### EXERCISE DETAILS
Copy out each line of the material in which the word "this" can be found.

### DATA FOR REVIEW
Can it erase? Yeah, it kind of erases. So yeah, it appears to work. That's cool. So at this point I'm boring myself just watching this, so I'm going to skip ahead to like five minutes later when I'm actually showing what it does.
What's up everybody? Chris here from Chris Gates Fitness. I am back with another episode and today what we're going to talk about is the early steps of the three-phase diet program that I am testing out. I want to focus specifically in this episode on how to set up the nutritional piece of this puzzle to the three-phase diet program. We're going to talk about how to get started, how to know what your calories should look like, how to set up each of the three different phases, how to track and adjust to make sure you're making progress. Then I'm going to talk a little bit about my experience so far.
---
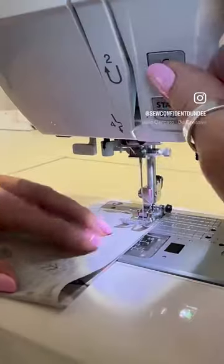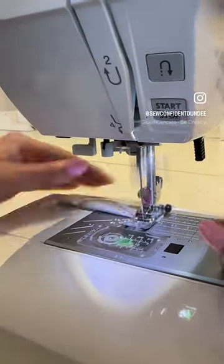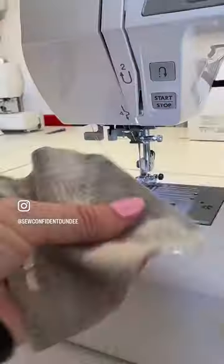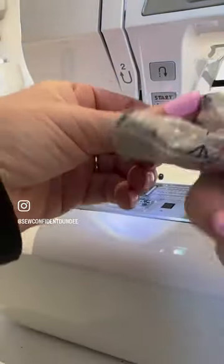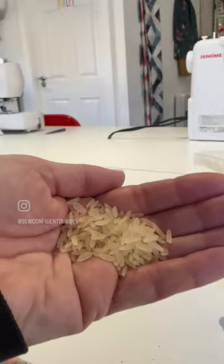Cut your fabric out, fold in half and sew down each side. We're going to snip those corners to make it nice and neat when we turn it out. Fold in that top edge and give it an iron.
--
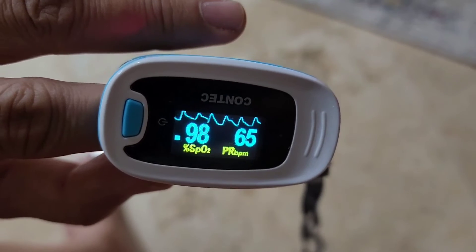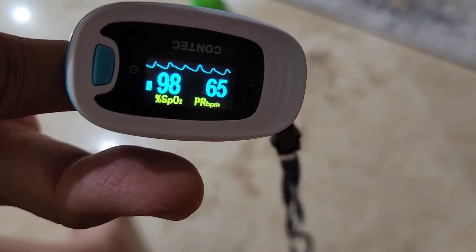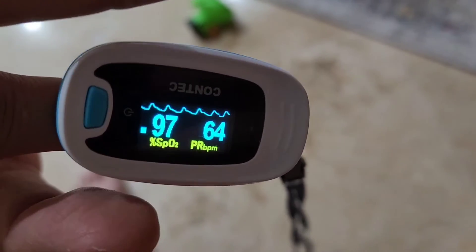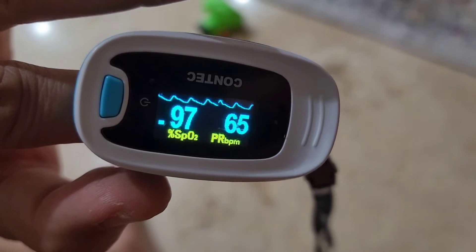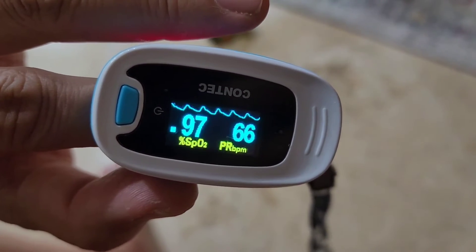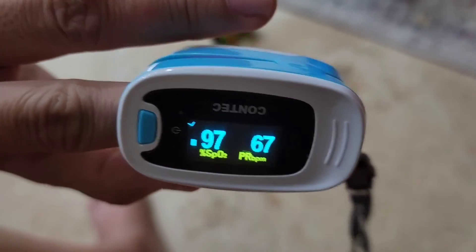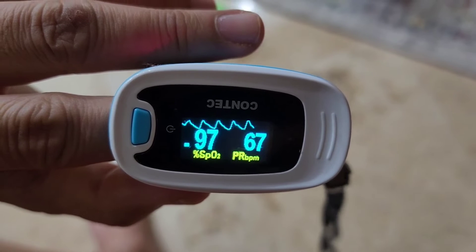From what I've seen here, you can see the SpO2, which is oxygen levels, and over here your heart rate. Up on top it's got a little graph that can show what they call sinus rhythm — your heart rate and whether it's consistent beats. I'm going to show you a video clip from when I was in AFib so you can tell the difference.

### EXERCISE RESPONSE
Can it erase? Yeah, it kind of erases. So yeah, it appears to work. That's cool. So at this point I'm boring myself just watching this, so I'm going to skip ahead to like five minutes later when I'm actually showing what it does.
What's up everybody? Chris here from Chris Gates Fitness. I am back with another episode and today what we're going to talk about is the early steps of the three-phase diet program that I am testing out. I want to focus specifically in this episode on how to set up the nutritional piece of this puzzle to the three-phase diet program. We're going to talk about how to get started, how to know what your calories should look like, how to set up each of the three different phases, how to track and adjust to make sure you're making progress. Then I'm going to talk a little bit about my experience so far.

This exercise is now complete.